I bought a RealSense 3d/RGB camera today from Intel. I have wanted to get one for awhile and try it out, but now I have an actual reason. I am working with a friend from an old job on a small project and we are actually using them in my day job. The camera takes aligned 2d and 3d images. It is (relatively) cheap and has an SDK that will allow me to pull the images into some fun environments where I can use OpenCV and the PCL on them. Looking forward to it, but the sad part is they are so popular it is on backorder. I will have to be patient.

Bean sorter: The opto-rack for the raspberry pi arrives from China

This opt-output rack I bought from China cost less than $17. They used to cost an order of magnitude more than that. It is kind of sad we do not make them so much anymore in the US, but it is a very good thing they are available at so a low price and that we do not have to make them as low cost items with thin profit margins.
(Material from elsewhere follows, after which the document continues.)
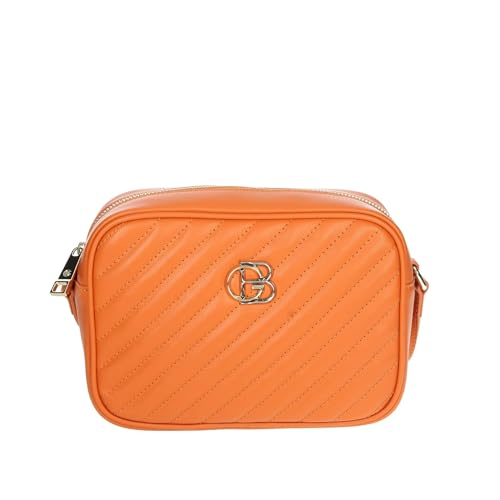 BALDININI Schultergurte Damen G7E.006 Rindsleder Orange - Einheitsgröße, Orange, Einheitsgröße im Sale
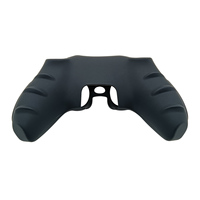 Coque de protection ergonomique bicolore anti-transpiration avec découpes précises et antidérapante en silicone pour manette PS5 DualSense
This is the last piece of hardware I needed for hooking up the control to our coffee bean sorting project, but I have had two other projects take priority (involving clinical trials and compliance issues–that is a good thing because the trials and compliance issues would not be needed if the product did not work). So I am going to have to sit and just look at this fun new toy for a month or two before I can hook it up and make it do its thing.

Beansorter: Node.js and the first camera stand

Gene sent me the first camera stand and bracket today. I am actually to the point now where I have enough mechanical items to start doing some more bean testing, but as I feared, I have now become the bottleneck. I have decided Flask and Python are probably not the tools I want to use for the machine interface server, so I am switching over to Node.js. I am trying out the Visual Studio Code IDE to develop the app. So far (which is not very far), I am very impressed with it all and think it will make the whole enterprise easier to develop, deploy, maintain and extend. I might change my mind after I get a little deeper, but so far so good.

Thanks Gene!

Beansorter: Light tower and UI travails

The indicator light tower for the bean sorting project arrived today. Really nice, but really cheap, too. I hope it works when I hook it up. Honestly, I had gotten pretty burnt out on all the user interface programming I was doing and, combined with a ton of stuff going on at my day job and a trip to Canada, I was getting a little weary and was planning to take a break. Then, some new hardware came in the mail and I realized I was not going to be able to hook it up and get it going until I finish with some UI enhancements, bug fixes, and robustification.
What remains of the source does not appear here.